[Extracted records]
........
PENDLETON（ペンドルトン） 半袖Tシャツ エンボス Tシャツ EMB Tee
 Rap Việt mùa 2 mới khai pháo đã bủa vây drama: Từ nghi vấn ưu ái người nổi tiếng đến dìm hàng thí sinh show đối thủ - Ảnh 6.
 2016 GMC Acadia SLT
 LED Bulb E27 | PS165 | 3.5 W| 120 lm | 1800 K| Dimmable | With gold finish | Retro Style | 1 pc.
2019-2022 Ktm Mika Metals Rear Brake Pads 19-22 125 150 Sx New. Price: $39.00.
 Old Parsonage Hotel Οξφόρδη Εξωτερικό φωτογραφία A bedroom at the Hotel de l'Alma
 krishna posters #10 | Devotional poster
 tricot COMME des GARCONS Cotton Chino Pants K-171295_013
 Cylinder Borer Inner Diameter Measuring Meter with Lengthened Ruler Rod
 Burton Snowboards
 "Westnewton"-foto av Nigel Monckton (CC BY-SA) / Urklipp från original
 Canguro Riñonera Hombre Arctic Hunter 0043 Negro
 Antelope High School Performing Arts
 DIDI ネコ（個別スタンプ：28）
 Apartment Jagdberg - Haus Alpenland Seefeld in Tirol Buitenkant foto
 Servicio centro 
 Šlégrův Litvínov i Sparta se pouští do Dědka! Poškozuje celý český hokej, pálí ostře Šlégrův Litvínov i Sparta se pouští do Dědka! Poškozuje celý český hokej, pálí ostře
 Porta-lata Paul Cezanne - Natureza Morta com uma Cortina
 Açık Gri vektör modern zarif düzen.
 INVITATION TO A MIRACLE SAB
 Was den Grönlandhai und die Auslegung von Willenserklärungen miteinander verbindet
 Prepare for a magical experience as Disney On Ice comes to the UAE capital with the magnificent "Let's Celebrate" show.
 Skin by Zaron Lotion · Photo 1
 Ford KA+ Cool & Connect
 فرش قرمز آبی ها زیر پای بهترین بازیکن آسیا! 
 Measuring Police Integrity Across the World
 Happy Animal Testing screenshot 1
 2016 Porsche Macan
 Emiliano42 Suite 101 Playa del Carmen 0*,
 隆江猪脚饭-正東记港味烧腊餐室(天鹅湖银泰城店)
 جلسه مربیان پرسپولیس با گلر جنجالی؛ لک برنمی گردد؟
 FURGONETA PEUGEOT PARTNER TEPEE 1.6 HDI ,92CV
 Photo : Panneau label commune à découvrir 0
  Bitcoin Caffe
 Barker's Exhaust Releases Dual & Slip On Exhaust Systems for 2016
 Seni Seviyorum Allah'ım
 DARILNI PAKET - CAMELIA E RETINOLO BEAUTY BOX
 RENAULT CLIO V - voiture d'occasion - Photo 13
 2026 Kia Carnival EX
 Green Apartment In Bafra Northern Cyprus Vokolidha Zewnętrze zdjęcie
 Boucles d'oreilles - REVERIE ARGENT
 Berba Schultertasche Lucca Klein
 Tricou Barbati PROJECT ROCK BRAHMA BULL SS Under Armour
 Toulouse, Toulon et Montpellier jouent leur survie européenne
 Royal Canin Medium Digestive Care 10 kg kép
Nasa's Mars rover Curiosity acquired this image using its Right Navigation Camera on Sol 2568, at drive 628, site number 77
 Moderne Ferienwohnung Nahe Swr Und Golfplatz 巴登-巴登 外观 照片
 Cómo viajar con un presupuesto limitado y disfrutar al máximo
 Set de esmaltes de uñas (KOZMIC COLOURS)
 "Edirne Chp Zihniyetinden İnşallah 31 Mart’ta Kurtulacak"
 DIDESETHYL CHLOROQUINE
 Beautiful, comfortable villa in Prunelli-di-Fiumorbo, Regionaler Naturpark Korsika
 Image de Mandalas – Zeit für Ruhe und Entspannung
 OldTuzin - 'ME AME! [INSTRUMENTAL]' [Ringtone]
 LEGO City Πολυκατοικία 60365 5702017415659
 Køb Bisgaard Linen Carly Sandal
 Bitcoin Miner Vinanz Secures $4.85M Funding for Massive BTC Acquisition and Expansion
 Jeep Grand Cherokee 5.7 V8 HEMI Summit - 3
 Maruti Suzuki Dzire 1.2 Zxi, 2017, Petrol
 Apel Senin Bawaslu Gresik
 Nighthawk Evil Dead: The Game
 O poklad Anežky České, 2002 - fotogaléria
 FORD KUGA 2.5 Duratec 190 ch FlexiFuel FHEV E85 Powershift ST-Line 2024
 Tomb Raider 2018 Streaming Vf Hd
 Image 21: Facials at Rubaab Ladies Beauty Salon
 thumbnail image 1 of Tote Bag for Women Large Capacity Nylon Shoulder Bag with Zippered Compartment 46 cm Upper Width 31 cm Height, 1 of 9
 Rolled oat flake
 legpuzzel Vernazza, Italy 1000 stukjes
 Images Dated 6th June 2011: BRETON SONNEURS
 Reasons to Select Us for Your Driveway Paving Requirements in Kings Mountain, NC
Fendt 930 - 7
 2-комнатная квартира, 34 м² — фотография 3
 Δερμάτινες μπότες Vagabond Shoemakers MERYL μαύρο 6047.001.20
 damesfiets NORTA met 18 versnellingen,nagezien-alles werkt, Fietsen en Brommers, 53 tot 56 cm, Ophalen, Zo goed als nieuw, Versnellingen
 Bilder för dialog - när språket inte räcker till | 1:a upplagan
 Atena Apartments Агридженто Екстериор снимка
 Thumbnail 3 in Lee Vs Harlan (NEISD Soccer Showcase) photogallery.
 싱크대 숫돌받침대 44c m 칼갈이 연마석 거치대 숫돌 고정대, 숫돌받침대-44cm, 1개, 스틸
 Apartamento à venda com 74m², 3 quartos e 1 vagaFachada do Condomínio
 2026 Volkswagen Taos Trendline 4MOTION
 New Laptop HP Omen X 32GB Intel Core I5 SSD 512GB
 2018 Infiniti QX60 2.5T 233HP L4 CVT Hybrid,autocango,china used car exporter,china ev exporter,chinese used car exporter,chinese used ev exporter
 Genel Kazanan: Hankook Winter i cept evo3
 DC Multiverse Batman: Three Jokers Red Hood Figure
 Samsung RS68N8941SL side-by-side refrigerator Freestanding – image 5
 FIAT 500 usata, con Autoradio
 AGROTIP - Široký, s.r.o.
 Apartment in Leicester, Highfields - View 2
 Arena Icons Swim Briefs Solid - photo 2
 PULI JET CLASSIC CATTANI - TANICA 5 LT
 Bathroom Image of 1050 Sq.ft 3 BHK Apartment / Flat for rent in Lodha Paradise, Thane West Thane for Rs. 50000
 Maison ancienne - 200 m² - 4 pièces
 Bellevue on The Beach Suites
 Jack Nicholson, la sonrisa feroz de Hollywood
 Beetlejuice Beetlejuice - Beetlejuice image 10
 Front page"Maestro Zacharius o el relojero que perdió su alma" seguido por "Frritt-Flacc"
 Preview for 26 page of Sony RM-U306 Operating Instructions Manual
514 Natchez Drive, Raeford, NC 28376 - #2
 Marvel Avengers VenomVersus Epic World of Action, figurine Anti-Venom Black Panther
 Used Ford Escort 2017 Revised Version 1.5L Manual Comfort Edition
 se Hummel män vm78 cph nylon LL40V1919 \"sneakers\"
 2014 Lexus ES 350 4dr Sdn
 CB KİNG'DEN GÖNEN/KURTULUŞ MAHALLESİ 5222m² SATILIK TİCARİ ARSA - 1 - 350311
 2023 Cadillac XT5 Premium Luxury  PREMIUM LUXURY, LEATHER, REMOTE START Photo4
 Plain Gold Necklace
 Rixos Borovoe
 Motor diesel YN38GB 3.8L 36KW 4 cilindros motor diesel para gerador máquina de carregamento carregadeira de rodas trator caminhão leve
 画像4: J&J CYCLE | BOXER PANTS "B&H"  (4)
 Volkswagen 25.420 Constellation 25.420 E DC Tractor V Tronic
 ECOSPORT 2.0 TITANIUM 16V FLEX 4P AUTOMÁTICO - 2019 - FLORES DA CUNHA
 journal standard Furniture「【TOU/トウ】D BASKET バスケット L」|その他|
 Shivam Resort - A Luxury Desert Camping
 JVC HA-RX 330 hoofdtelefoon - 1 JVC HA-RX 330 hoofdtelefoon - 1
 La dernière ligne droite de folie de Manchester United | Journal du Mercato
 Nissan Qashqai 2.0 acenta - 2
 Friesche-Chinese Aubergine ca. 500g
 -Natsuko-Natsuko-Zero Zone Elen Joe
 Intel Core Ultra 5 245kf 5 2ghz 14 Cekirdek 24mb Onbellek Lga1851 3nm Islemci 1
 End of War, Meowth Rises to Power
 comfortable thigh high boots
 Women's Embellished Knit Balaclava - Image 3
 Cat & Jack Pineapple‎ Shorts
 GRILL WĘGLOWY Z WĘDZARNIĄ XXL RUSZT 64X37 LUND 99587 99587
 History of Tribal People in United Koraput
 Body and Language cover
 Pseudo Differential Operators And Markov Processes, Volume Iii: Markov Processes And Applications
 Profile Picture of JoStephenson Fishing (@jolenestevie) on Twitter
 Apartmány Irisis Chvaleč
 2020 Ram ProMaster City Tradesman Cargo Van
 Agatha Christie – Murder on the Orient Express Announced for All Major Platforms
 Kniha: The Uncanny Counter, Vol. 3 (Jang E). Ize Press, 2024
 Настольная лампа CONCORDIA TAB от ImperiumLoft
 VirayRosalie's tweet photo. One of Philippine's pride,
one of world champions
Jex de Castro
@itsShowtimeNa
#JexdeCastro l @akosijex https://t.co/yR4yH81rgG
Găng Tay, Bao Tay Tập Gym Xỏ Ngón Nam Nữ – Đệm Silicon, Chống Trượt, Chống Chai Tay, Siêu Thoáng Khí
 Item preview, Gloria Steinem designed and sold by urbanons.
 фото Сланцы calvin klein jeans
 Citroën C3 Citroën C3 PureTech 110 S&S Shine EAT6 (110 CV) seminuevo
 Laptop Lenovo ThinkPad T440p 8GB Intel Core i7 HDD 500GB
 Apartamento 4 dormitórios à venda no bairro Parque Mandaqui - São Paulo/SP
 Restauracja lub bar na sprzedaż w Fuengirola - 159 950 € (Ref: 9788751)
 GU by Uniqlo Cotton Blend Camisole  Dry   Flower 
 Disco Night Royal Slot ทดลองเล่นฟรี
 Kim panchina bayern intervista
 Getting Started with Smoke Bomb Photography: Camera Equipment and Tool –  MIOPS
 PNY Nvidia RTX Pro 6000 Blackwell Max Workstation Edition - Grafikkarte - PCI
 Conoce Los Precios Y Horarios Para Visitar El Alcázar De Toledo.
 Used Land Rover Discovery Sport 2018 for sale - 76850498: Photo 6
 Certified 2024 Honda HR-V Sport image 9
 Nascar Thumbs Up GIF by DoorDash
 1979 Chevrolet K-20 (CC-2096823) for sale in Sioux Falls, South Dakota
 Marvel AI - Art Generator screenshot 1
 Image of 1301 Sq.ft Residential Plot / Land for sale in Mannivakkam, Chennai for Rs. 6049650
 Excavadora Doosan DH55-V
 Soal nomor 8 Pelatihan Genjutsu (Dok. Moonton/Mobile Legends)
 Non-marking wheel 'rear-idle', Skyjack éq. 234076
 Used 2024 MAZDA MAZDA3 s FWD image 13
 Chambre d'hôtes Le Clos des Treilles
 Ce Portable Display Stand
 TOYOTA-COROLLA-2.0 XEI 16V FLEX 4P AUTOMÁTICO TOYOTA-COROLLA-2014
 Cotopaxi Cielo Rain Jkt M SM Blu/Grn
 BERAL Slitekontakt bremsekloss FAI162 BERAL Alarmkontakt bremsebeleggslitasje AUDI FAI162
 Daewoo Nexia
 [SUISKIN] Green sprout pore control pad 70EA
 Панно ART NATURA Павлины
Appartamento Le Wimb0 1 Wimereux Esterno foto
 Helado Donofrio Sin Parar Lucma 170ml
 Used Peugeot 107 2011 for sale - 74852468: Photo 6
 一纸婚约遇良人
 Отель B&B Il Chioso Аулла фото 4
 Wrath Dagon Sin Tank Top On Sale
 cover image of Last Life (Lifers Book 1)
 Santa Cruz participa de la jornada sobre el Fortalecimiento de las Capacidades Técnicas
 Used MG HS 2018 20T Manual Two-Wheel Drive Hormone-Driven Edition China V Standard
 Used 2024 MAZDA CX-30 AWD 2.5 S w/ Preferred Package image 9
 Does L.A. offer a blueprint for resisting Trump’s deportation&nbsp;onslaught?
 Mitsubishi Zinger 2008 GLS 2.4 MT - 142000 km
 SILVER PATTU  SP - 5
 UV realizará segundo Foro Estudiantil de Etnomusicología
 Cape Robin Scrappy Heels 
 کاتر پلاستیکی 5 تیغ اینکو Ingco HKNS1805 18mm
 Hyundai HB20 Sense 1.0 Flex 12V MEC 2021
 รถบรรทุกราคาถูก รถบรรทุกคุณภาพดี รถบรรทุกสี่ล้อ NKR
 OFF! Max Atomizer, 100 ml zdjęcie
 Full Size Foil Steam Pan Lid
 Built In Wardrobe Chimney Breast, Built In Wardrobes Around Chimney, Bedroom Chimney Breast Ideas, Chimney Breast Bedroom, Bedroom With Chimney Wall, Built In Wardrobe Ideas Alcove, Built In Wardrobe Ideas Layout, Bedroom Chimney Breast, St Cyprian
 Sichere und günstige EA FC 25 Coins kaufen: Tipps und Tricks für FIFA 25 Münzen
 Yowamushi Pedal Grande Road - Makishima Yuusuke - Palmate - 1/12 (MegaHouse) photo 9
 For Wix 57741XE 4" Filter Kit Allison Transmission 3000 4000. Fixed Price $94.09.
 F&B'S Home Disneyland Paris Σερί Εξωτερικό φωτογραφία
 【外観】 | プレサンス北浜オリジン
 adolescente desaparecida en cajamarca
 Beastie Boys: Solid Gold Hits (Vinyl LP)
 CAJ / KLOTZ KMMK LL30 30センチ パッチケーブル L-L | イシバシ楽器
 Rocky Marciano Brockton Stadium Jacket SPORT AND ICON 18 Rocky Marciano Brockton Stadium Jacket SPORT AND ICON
........
• [WORK TASK] Find the lines above holding the word "φωτογραφία" and show them.

• [WRITTEN REPLY]
 Old Parsonage Hotel Οξφόρδη Εξωτερικό φωτογραφία A bedroom at the Hotel de l'Alma
 F&B'S Home Disneyland Paris Σερί Εξωτερικό φωτογραφία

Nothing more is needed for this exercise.